KEY DATA: According to an overview published by data analysts at Clever in September, the average American pays 101 percent more for healthcare than they would have in 1984, and the number of people choosing to forgo insurance is also climbing, with a 7 percent increase in the last year.
What’s causing the wasteful spending?
According to an analysis of wasteful healthcare spending published by the JAMA: “Administrative inefficiency,” like billing and coding waste and physician time lost to insurance coordination, to the tune of $265 billion; “pricing failures,” like spikes in the cost of medications, doctor’s visits, and emergency services, that max out at around $240 billion; plus overtreatment, failures in care coordination and delivery, plus Medicare fraud.

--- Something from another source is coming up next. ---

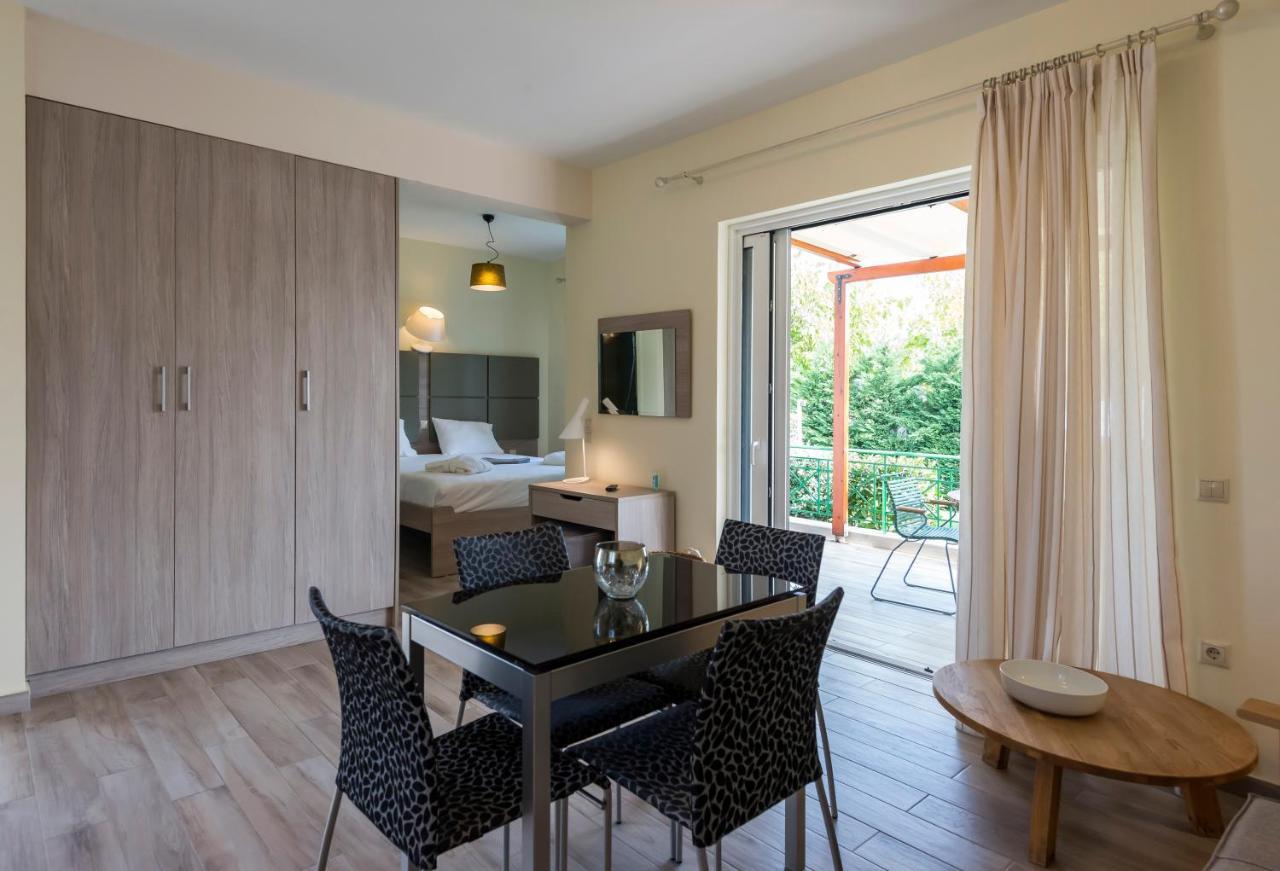Apartment Estia Coastal Dream - Lush & Enchanting Garden Gem Finikounta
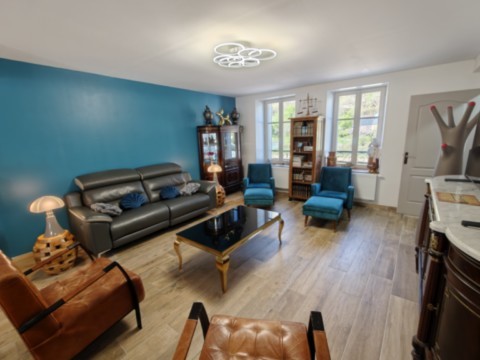 Vue globale du salon confortable et bien décoré du gîte La Bayenne à Revin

Per JAMA the review yielded 71 estimates from 54 unique peer-reviewed publications, government-based reports, and reports from the gray literature. Computations yielded the following estimated ranges of total annual cost of waste:
- failure of care delivery, $102.4 billion to $165.7 billion
- failure of care coordination, $27.2 billion to $78.2 billion
- overtreatment or low-value care, $75.7 billion to $101.2 billion
- pricing failure, $230.7 billion to $240.5 billion
- fraud and abuse, $58.5 billion to $83.9 billion; and administrative complexity, $265.6 billion.

In this review based on 6 previously identified domains of health care waste, the estimated cost of waste in the US health care system ranged from $760 billion to $935 billion, accounting for approximately 25% of total health care spending, and the projected potential savings from interventions that reduce waste, excluding savings from administrative complexity, ranged from $191 billion to $282 billion, representing a potential 25% reduction in the total cost of waste. Implementation of effective measures to eliminate waste represents an opportunity to reduce the continued increases in US health care expenditures.
Opt Ed
Like the CEO of Merck recently said “pharma is in the crosshairs”. While there certainly are a LOT of instances of why pharma is in the crosshairs the media and politicians are doing the public a great disservice. Moving to digital records was supposed to decrease healthcare costs but obviously that still has a long way to go.

And a note to readers: I have talked about the things that some pharma companies do that upset me because I know what happens when we put patients first. Despite my posts there are a LOT of people who are trying to make a difference and put patients first. They fight everyday to try and focus what is right as opposed to what is financially responsible but their efforts go largely ignored because investors are the primary customers today.
Until we tackle waste, get unhealthy consumers to start taking better care of themselves and reign in insurance companies and PBM’s our healthcare costs are going to continue to be out of control.